### GOAL OF THE EXERCISE
All that is wanted is the exact text of the lines below from the one with "58349 Pimlico Street, Yucca" through the one with "El gobernador regional", inclusive, minus any pictures.

### DATASET RECORDS
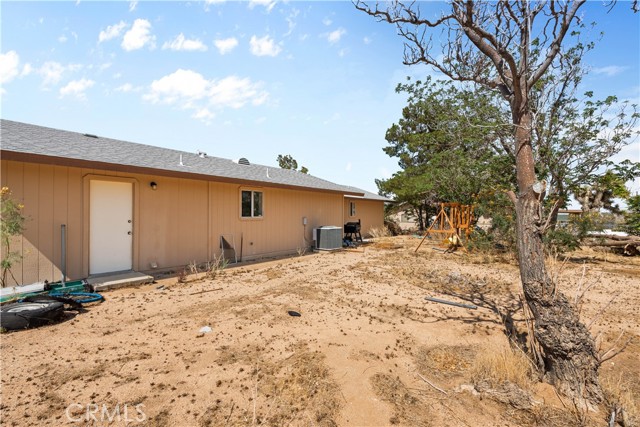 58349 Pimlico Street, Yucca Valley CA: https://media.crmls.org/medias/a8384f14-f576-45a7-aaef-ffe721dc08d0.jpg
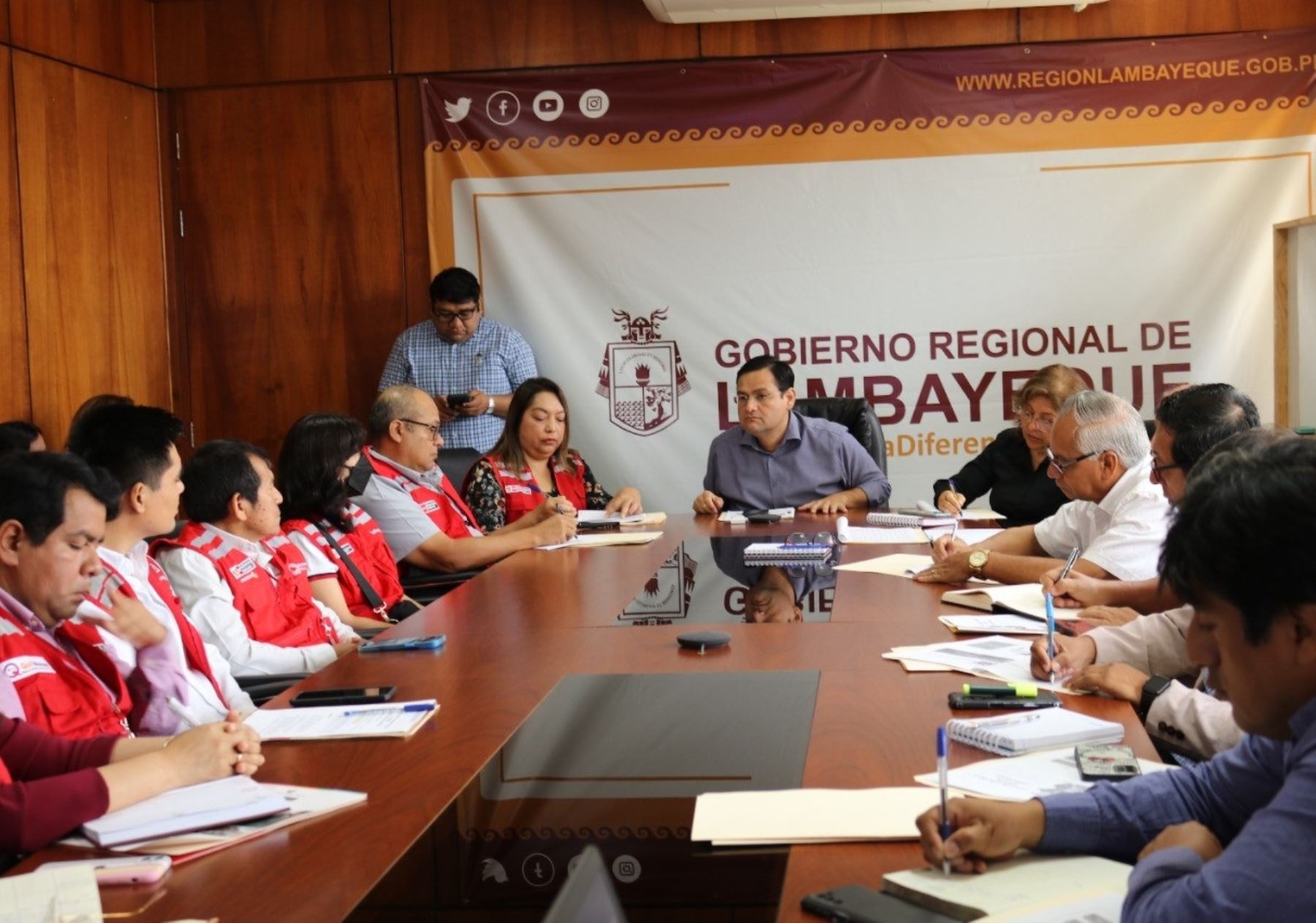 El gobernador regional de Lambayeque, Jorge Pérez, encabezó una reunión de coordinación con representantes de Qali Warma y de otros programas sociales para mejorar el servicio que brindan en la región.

...

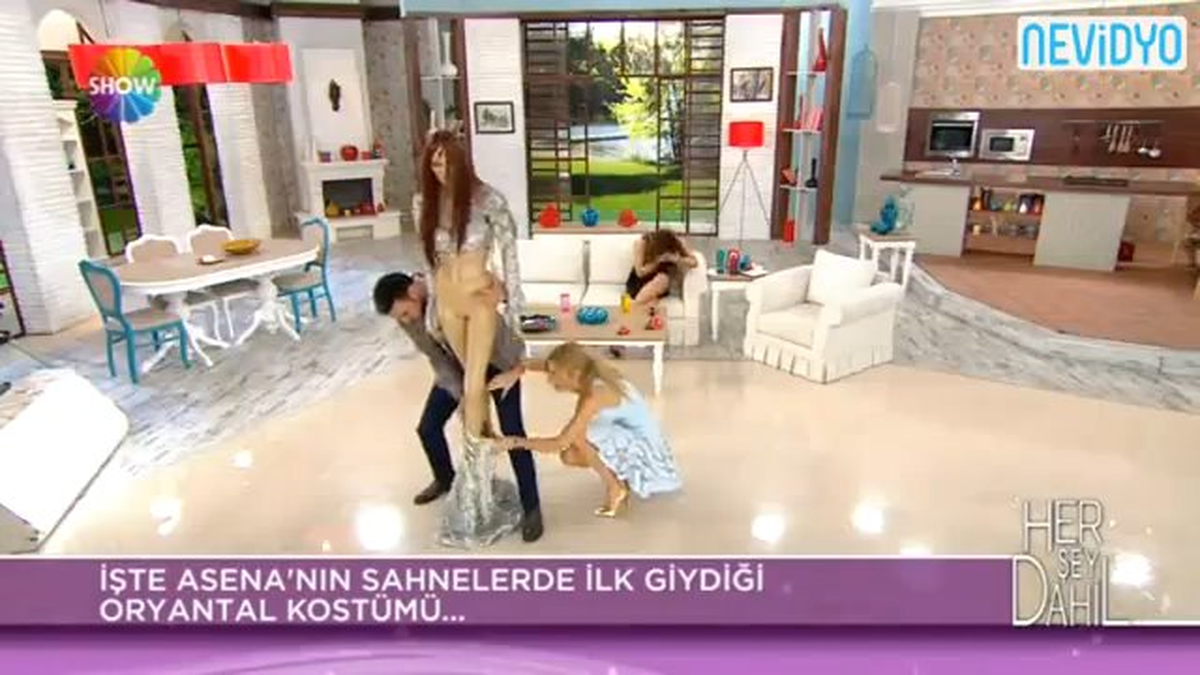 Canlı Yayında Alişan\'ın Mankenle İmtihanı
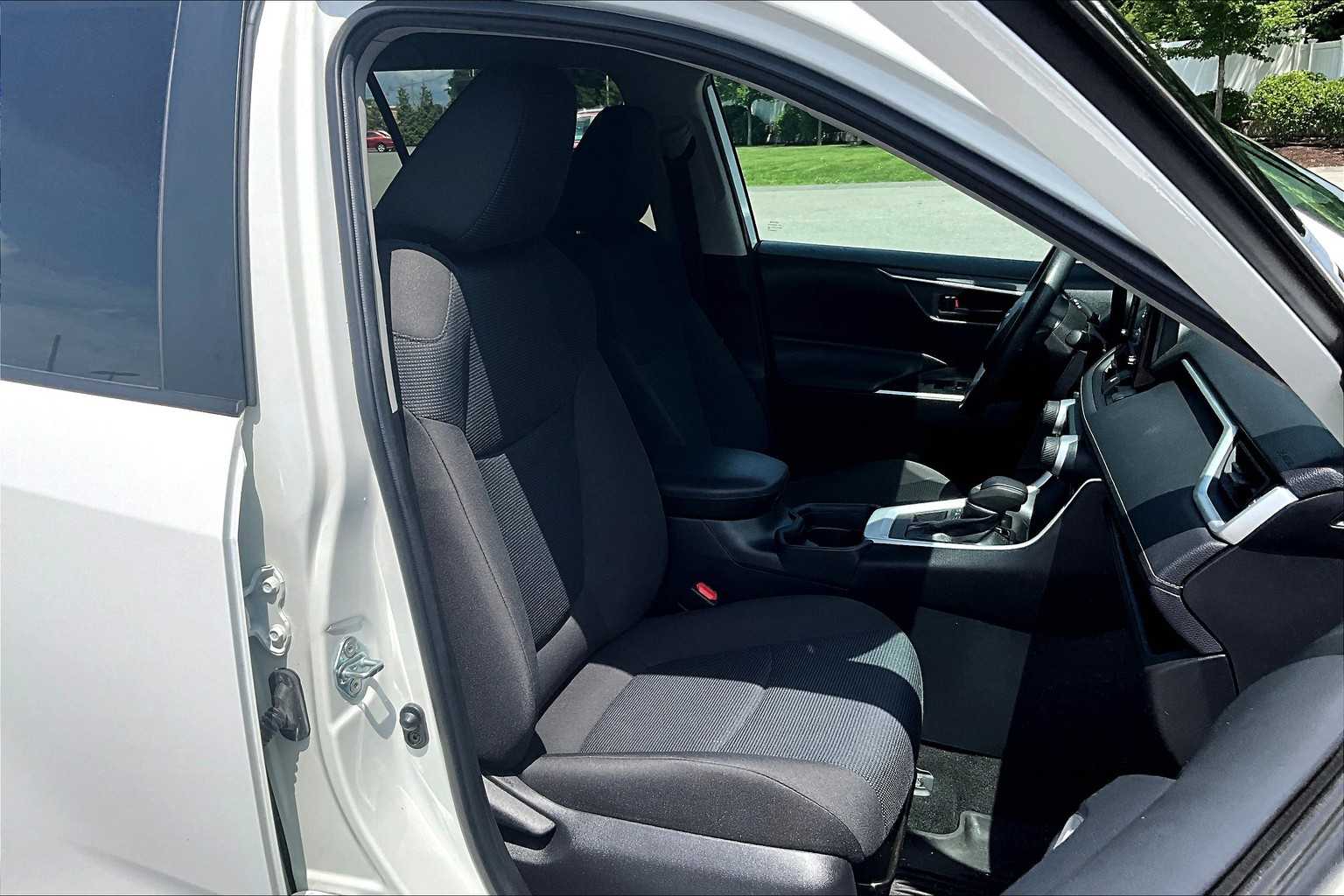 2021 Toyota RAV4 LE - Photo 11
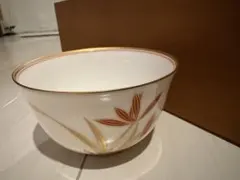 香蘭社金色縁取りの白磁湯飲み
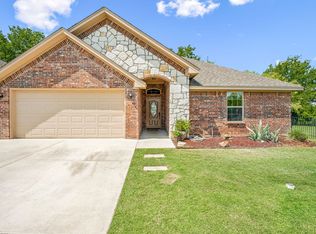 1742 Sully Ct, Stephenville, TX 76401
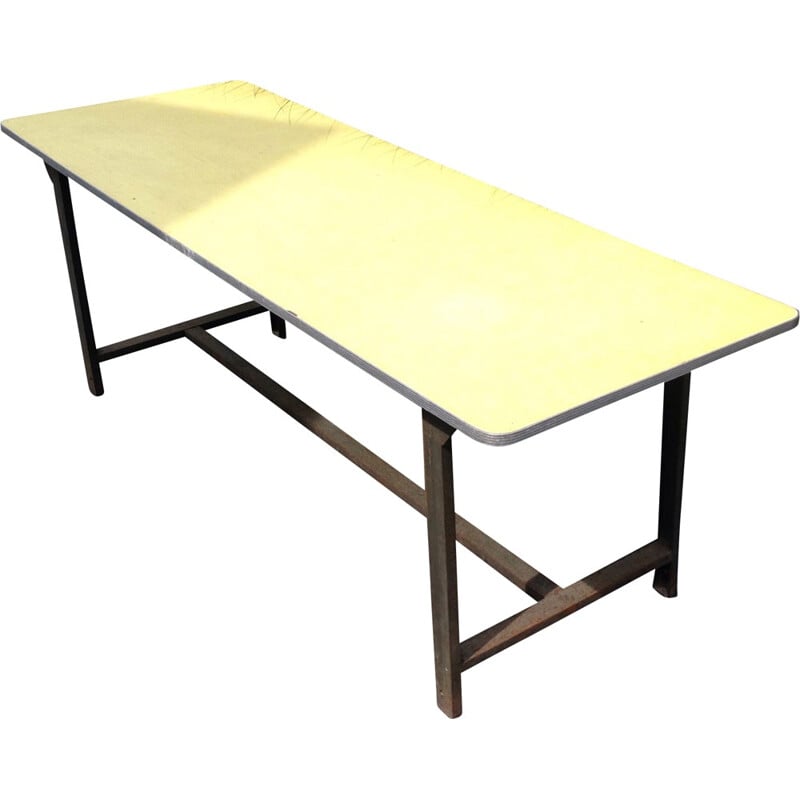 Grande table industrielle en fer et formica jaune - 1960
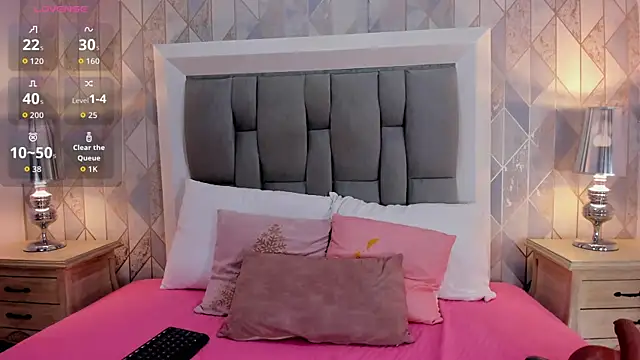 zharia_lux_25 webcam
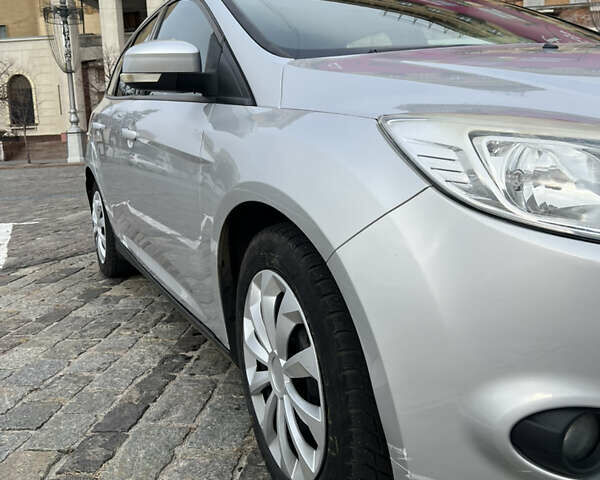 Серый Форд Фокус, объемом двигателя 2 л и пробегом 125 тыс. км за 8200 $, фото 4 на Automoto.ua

### ANSWER BELOW
 58349 Pimlico Street, Yucca Valley CA: https://media.crmls.org/medias/a8384f14-f576-45a7-aaef-ffe721dc08d0.jpg
 El gobernador regional de Lambayeque, Jorge Pérez, encabezó una reunión de coordinación con representantes de Qali Warma y de otros programas sociales para mejorar el servicio que brindan en la región.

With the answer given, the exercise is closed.